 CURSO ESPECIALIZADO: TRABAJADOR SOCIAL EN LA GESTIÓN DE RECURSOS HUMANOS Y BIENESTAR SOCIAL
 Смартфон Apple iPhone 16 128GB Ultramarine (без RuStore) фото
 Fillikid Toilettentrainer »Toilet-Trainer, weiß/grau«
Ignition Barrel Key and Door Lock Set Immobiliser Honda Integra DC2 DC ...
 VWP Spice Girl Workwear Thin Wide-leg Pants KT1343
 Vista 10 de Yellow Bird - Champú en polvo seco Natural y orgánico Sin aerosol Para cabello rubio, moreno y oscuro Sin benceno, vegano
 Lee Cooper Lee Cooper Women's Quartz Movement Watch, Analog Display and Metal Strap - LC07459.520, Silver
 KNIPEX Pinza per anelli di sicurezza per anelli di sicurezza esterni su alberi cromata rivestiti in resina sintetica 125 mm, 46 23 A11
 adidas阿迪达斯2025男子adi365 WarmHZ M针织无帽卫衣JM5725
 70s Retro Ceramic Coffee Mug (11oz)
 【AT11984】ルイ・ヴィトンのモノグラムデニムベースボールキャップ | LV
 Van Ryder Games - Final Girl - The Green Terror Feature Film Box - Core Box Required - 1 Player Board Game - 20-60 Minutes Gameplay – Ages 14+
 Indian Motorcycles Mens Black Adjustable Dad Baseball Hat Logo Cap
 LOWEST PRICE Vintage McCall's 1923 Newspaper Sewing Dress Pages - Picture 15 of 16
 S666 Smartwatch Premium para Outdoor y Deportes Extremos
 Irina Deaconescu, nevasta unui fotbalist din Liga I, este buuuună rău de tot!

----

What you should do:
Without altering a single word, reproduce the entries above.

Reply:
 CURSO ESPECIALIZADO: TRABAJADOR SOCIAL EN LA GESTIÓN DE RECURSOS HUMANOS Y BIENESTAR SOCIAL
 Смартфон Apple iPhone 16 128GB Ultramarine (без RuStore) фото
 Fillikid Toilettentrainer »Toilet-Trainer, weiß/grau«
Ignition Barrel Key and Door Lock Set Immobiliser Honda Integra DC2 DC ...
 VWP Spice Girl Workwear Thin Wide-leg Pants KT1343
 Vista 10 de Yellow Bird - Champú en polvo seco Natural y orgánico Sin aerosol Para cabello rubio, moreno y oscuro Sin benceno, vegano
 Lee Cooper Lee Cooper Women's Quartz Movement Watch, Analog Display and Metal Strap - LC07459.520, Silver
 KNIPEX Pinza per anelli di sicurezza per anelli di sicurezza esterni su alberi cromata rivestiti in resina sintetica 125 mm, 46 23 A11
 adidas阿迪达斯2025男子adi365 WarmHZ M针织无帽卫衣JM5725
 70s Retro Ceramic Coffee Mug (11oz)
 【AT11984】ルイ・ヴィトンのモノグラムデニムベースボールキャップ | LV
 Van Ryder Games - Final Girl - The Green Terror Feature Film Box - Core Box Required - 1 Player Board Game - 20-60 Minutes Gameplay – Ages 14+
 Indian Motorcycles Mens Black Adjustable Dad Baseball Hat Logo Cap
 LOWEST PRICE Vintage McCall's 1923 Newspaper Sewing Dress Pages - Picture 15 of 16
 S666 Smartwatch Premium para Outdoor y Deportes Extremos
 Irina Deaconescu, nevasta unui fotbalist din Liga I, este buuuună rău de tot!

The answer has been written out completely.